Frans Jan Hendrik de Wetstein Pfister
Henk Blok – Met dank aan Max Cremer
Gepubliceerd in de bronnengids koloniaal verleden van Het Regionaal Zuid Utrecht Archief.
Frans Jan Hendrik de Wetstein Pfister (1852-1926) werd geboren in Den Haag en woonde daar vele jaren, maar in zijn latere leven woonde hij in de Kromme Rijnstreek. Hij werd daar een belangrijke figuur, onder meer als eigenaar van Heidestein bij Driebergen en andere landgoederen in de regio, en als gemeenteraadslid en wethouder van Driebergen.

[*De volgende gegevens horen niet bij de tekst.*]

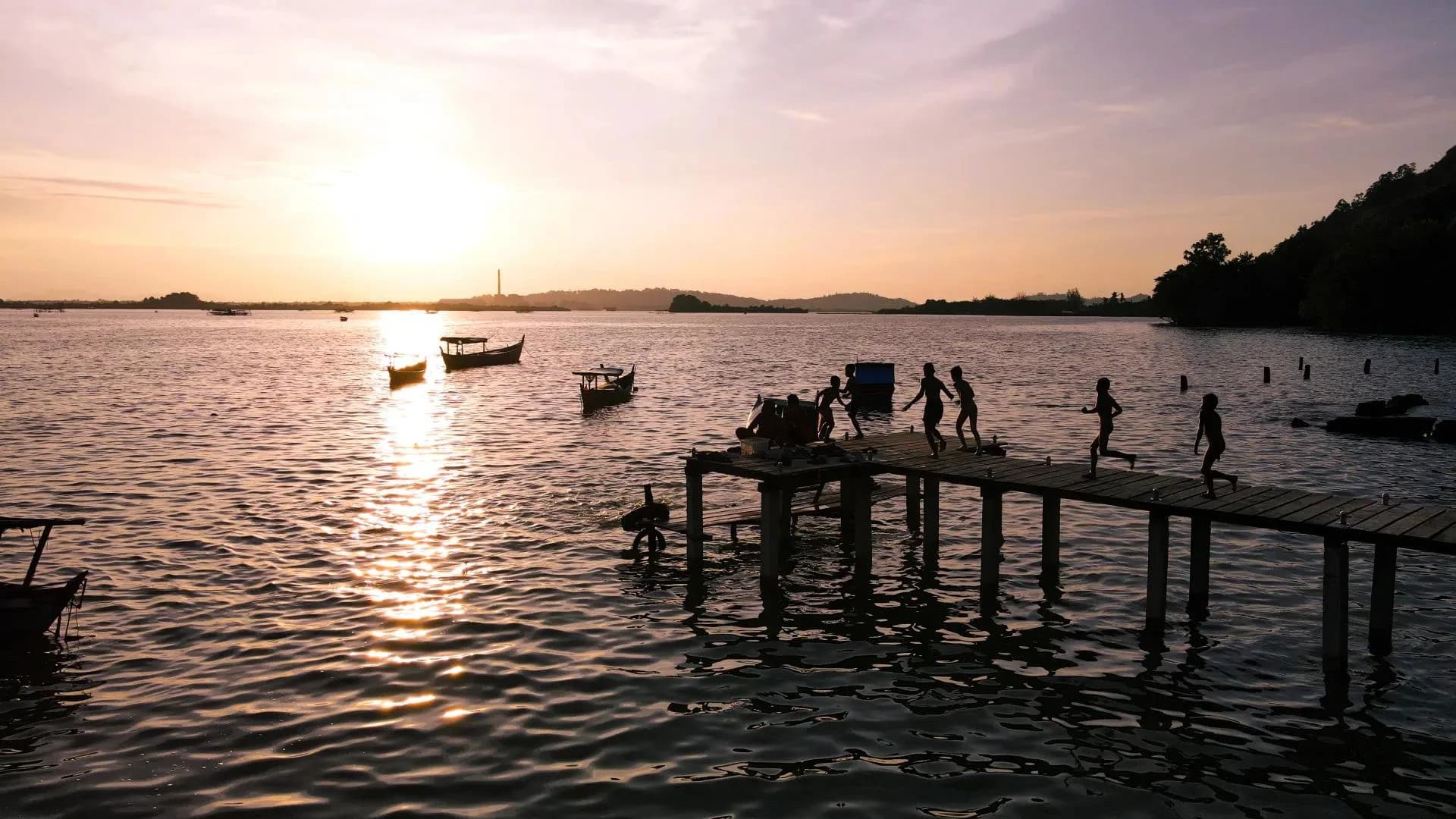 Perahu di atas air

Zijn status had veel met rijkdom te maken, en veel van die rijkdom vergaarde hij in de jaren die hij – tussen de Haagse en de Utrechtse periode – in Nederlands-Indië doorbracht.

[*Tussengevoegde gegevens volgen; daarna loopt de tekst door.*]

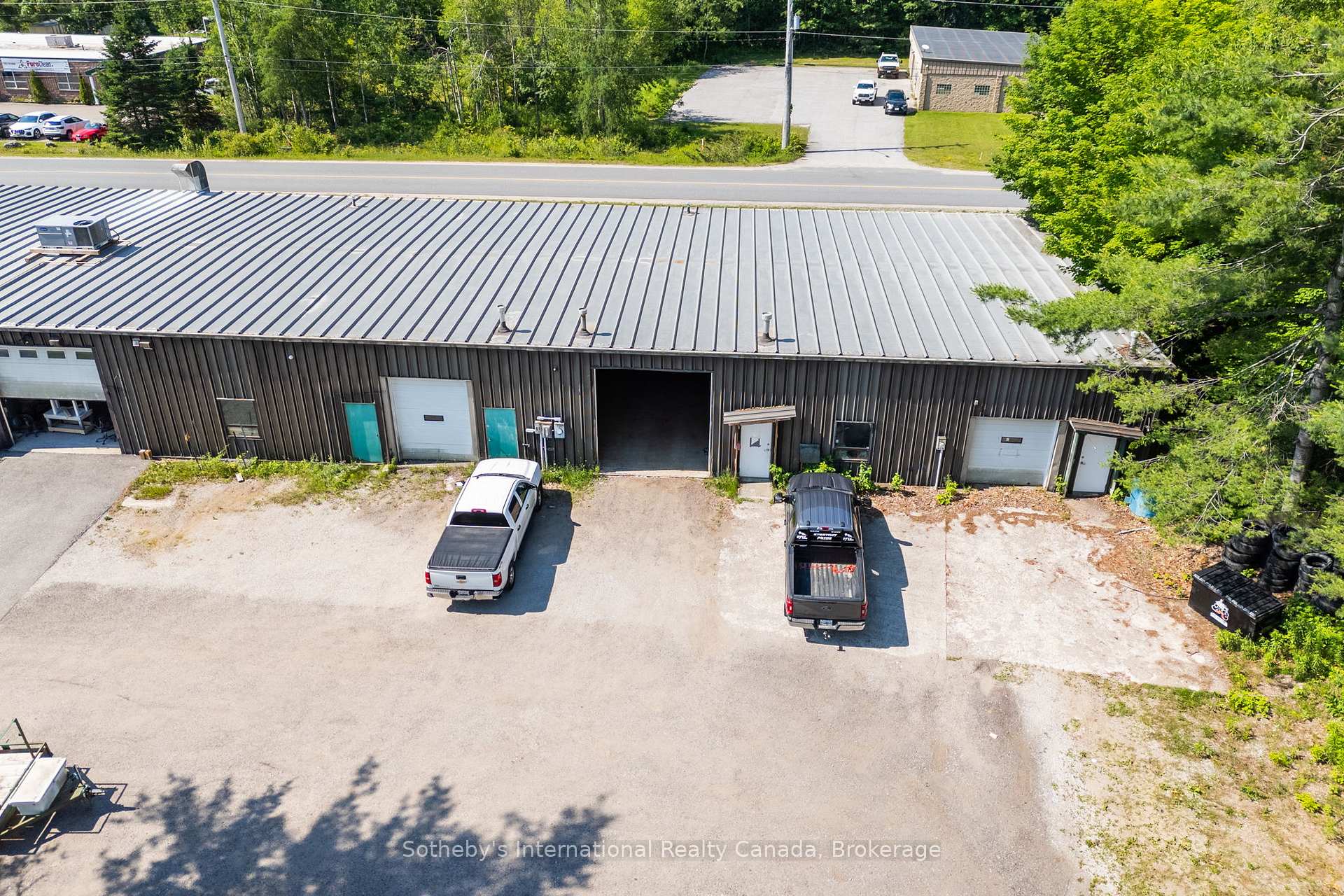 100 Progress Road 5, Gravenhurst, ON P1P 1X4, Gravenhurst — photo 1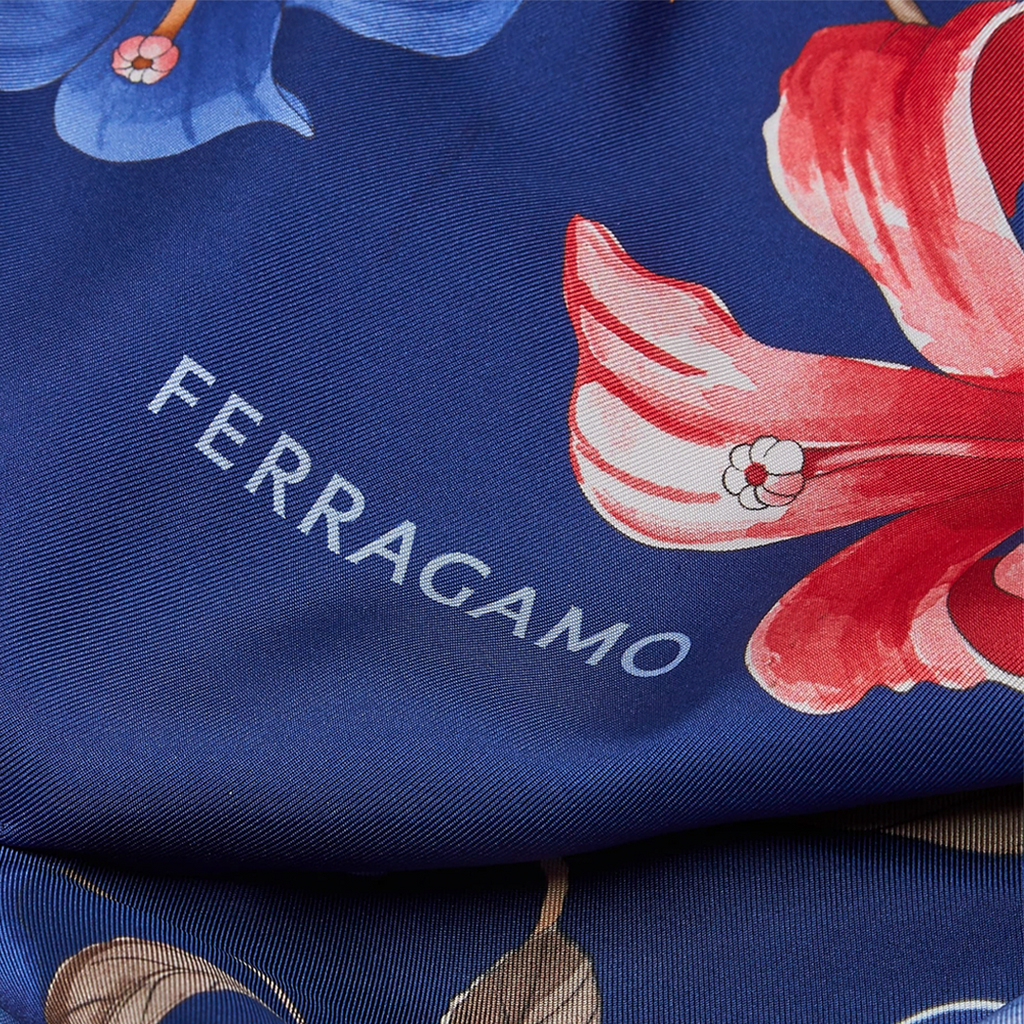Pañoleta Dama Estampada Azul/Rojo en Seda de Lujo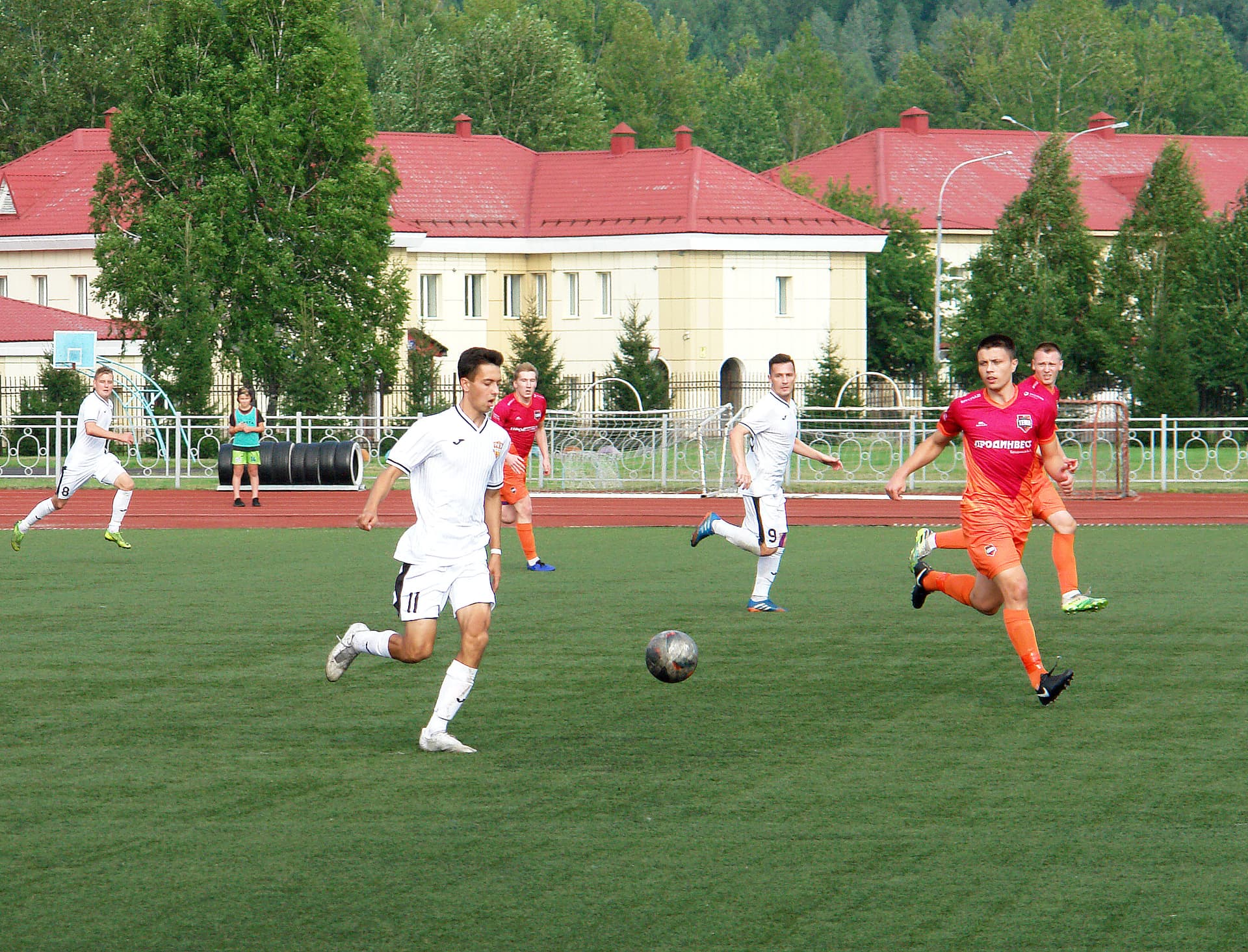 «Распадская» 1:0 «Темп». Кубок Сибири. 1/2 финала. Первый матч. — кадр 9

Van Den Haag naar Soerabaja
Frans was de zoon van Jan Jacob Pfister, lid van de Algemene Rekenkamer, en Rudolphina Gozwina Alida Ketjen. Zijn moeder overleed enkele maanden na zijn geboorte, en zeven jaar later hertrouwde zijn vader in Utrecht met Cornelia Anna Maria baronesse van Heeckeren van Brandsenburg. Nog eens bijna tien jaar later, in december 1869, toen Frans bijna 17 was, liet Jan Jacob Pfister zijn achternaam en die van zijn kinderen veranderen in “De Wetstein Pfister”.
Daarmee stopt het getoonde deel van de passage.